I've been looking at replacement Autocom units, but wondered how the coiled headset lead wires hold up on the Starcom1 Advance unit (my other choice) with regular use. I've never handled the Starcom1 cables. Are they durable? Do they hold up to recurrent stretching and recoil?

From a feature standpoint, both products are equal in my mind. This is a primary post about cable durability.

Thank you for any feedback!

Worldbound4now

 
IIRC, the Starcom Advance has short pigtails for headset connections. You add an extension from there, and then the coiled lead to the helmet (at least that's how I have mine installed). So when the leads go bad you will replace the extension or coiled lead, and there should not be any stress on the original pigtails.
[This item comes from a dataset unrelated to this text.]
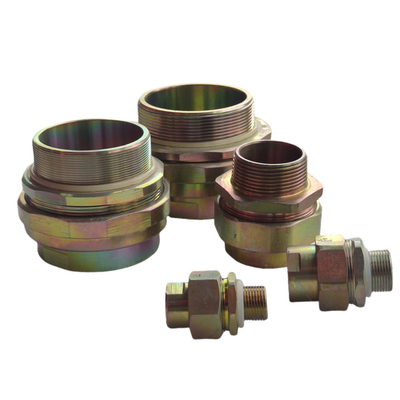 Argento ottone 6-12 mm Clamping Ex Proof Gland superficie liscia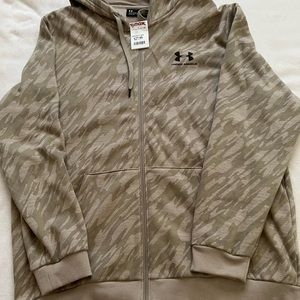 NWT Under Armour Zip Up Camo Hoodie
I have had to replace the coiled lead twice now. FYI, for the Starcom the plugs are just a plug from a PS2 computer cable.

 
I have two complete Starcom1 Advance units (for use on multiple bikes).

Both units are still working well after several years of use. I have mine both located inside of electrified tank bags, so they are protected from the elements for the most part. That may help longevity of connections.

What hasn't been so rugged or reliable is the interface cables that they sell for ground isolation of bike-powered electronic audio sources (GPS, RD, etc.). Those cables tend to be pricey and fragile. But I have found that I can use a non-isolated cable for certain devices and save some money.

 
Fantastic to know. So, from what Neil has stated, I could probably source replacement cables from my local Fry's or other electronics supply house and spare the expense of replacement with brand name Starcom headset lead cables.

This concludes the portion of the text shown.